- Directed by: Josh Guffey
- Written by: Josh Guffey
- Produced by: Barry Albrecht; Josh Guffey; Michael Kennedy; Frank Merle;
- Starring: Jake Kaufman; Tony Todd;
- Cinematography: Levi Kirby
- Edited by: Bret Hoy
- Production companies: Lone Morsel Productions Propulsion Films Vidzu Media
- Distributed by: Buffalo 8 Productions
- Release date: November 2021 (St. Louis);
- Country: United States
- Language: English

= All Gone Wrong =

All Gone Wrong is a 2021 American crime film written and directed by Josh Guffey and starring Jake Kaufman and Tony Todd.

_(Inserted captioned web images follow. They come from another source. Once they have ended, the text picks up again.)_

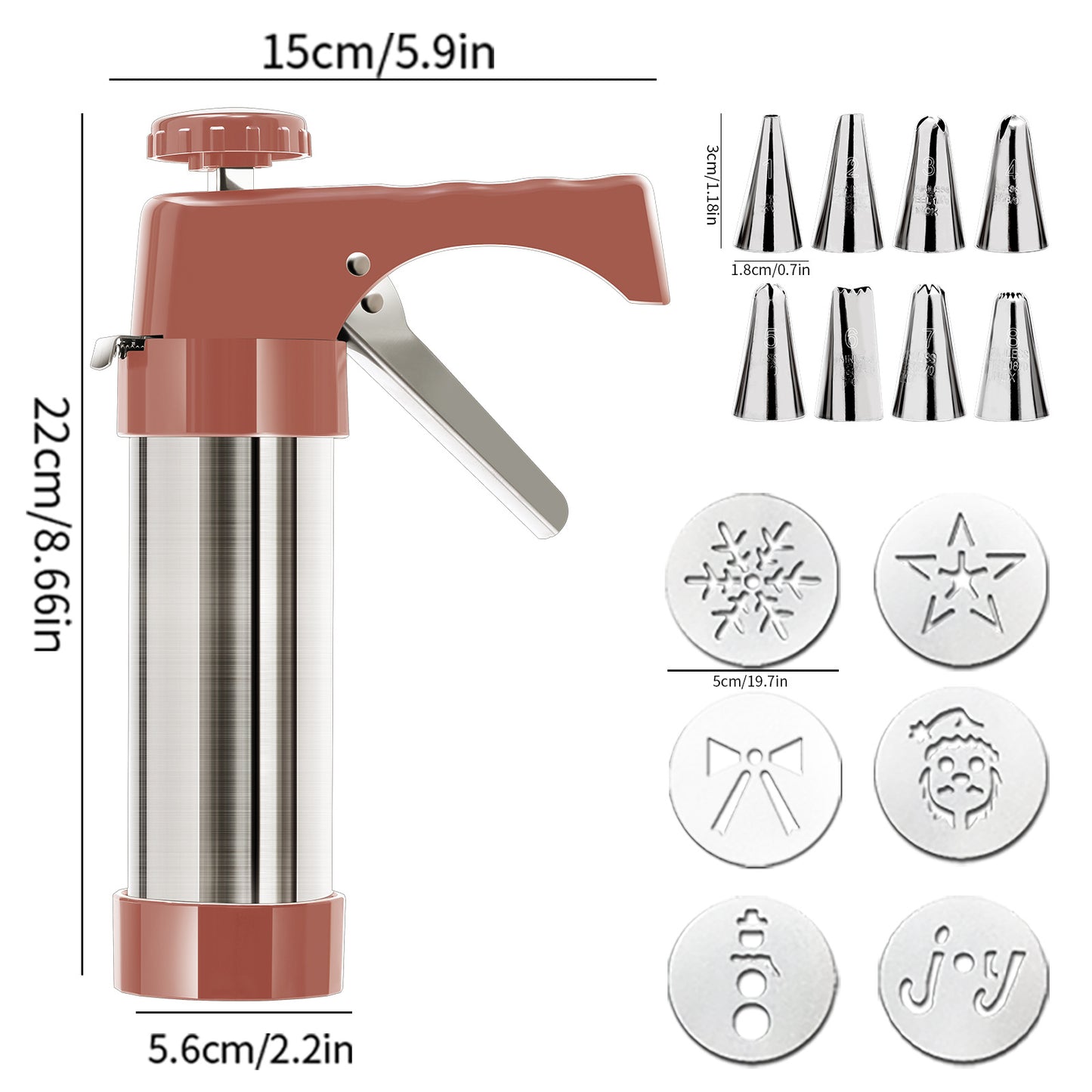 Stainless Steel Cookie Press Maker Kit with 8 Icing Tips and 6 Christmas Discs Red Manual Biscuit Press Machine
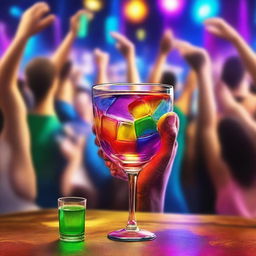 A 3D art music album cover featuring hands holding a full glass with colorful liquor being served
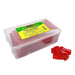 Container of sour strawberry gummy bears with a label on a white background
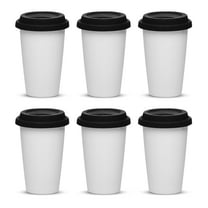11 oz. Double Wall Ceramic Tumblers with Lid - 6 Pack - Black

It is Guffey's feature directorial debut.

==Plot==
After a rookie undercover cop is gunned down in a drug bust gone wrong, the veteran agent in-charge is put on leave and begins an unauthorized investigation into the failed deal, leading him to a pervasive drug network operating under the surface in a rural town.

==Cast==
- Jake Kaufman as Chris Halvorsen
- Tony Todd as Lamont Hughes
- Antonio St. James as Anthony Haron
- Pete Winfrey as Mikey
- Peter Mayer as Captain Jim Grace
- Jaan Marion as Junkie J
- Law X as Goldy

==Production==
Principal photography occurred in 2019 and the film was independently funded through Kickstarter. The film was shot in St. Louis and Granite City, Illinois.

==Release==
The film premiered at the St. Louis International Film Festival in November 2021. It was then released on streaming services on January 27, 2023.

==Reception==
Julian Roman of MovieWeb gave the film a negative review and wrote, "The pieces work on an individual level but fail to come together in a compelling way. The film unfolds in a derivative manner we've seen before countless times."